Feldhamster sind vom Aussterben bedroht. Auf einer Schutzstation in der Nähe von Gießen wird versucht, die Art zu retten. Dieses Jahr kamen 48 Jungtiere zur Welt.

Langgöns (epd). Die Feldhamster-Dame „Jane Bond“ läuft so schnell in ihrem Laufrad, dass es sich dreht wie ein Karussell. Ihren Namen verdankt Jane einer Nummer: LG 007. Jane ist der siebte Feldhamster, der in Langgöns bei Gießen gefangen wurde. Jetzt lebt sie vorübergehend in einer Feldhamster-Artenschutzstation. Sie soll Nachwuchs bekommen, um die Art zu retten.

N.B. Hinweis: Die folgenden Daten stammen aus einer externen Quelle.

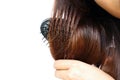 Close up Asia woman wear white shirt make hair color treatments hard combing her hairs on white background.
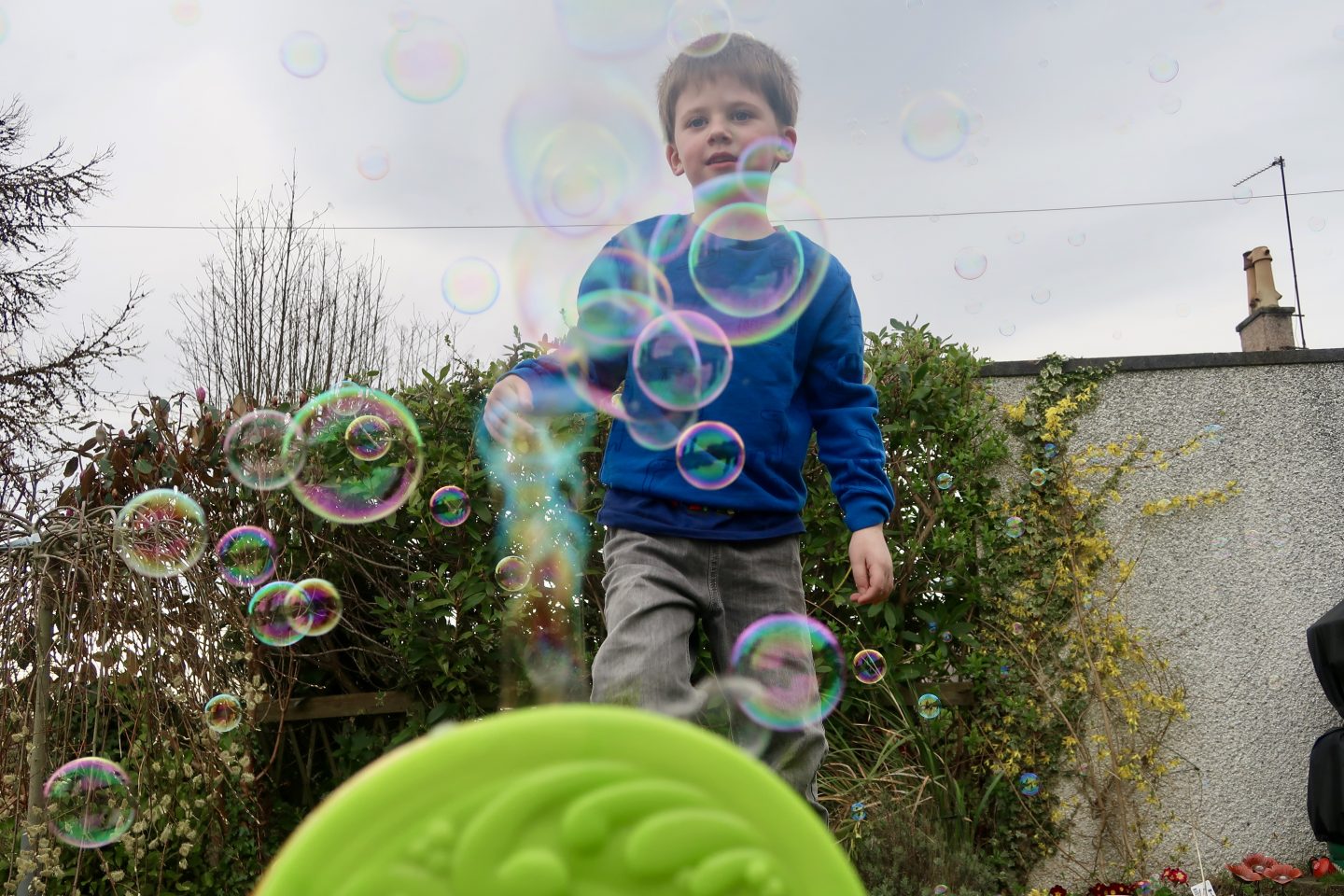 A bubble machine with bubbles coming out of the top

Valentina Baumtrog lässt einen jungen Feldhamster in eine blaue Zipfelmütze, Fangsocke genannt, hineingleiten. „Das ist ein Weibchen“, stellt die Projektmitarbeiterin der Hessischen Gesellschaft für Ornithologie und Naturschutz (HGON) fest. Das Hamstermädchen wird gewogen - 176 Gramm - und kommt in einen Einzelkäfig. Feldhamster sind extreme Einzelgänger. Nach drei Wochen werden sie von der Mutter, nach sechs Wochen von ihren Geschwistern getrennt.

Weltweit sind die Tiere vom Aussterben bedroht. Im Landkreis Gießen trennte der Bau einer Autobahn zwei ursprüngliche Vorkommen in Langgöns und im nahe gelegenen Pohlheim. Die Genetik der Populationen verarmte. „Wir wollen die Populationen miteinander kreuzen“, erklärt Baumtrog.

Die Projektmitarbeiter fingen im Frühjahr 2021 je sechs Hamster in Langgöns und in Pohlheim. Die Weibchen waren viel zu leicht und mussten erst einmal mit Sonnenblumenkernen aufgepäppelt werden. Dieses Jahr stellte sich der erhoffte Nachwuchs ein: 48 Jungtiere. Jane bekam neun Junge. „Zuchtziel erreicht“, konstatiert Valentina Baumtrog.

In seinem neuen Domizil lugt der junge Feldhamster vorsichtig unter einem umgedrehten Blumentopf hervor. Mit seinen kreisrunden Ohren und den weißen Backen sieht er niedlich aus. Früher galten die vermehrungsfreudigen Feldhamster als üble Schädlinge, die den Bauern das Getreide wegfraßen. Inzwischen seien die Landwirte sogar stolz, wenn sich auf ihren Feldern Feldhamster finden, berichtet die Biologin.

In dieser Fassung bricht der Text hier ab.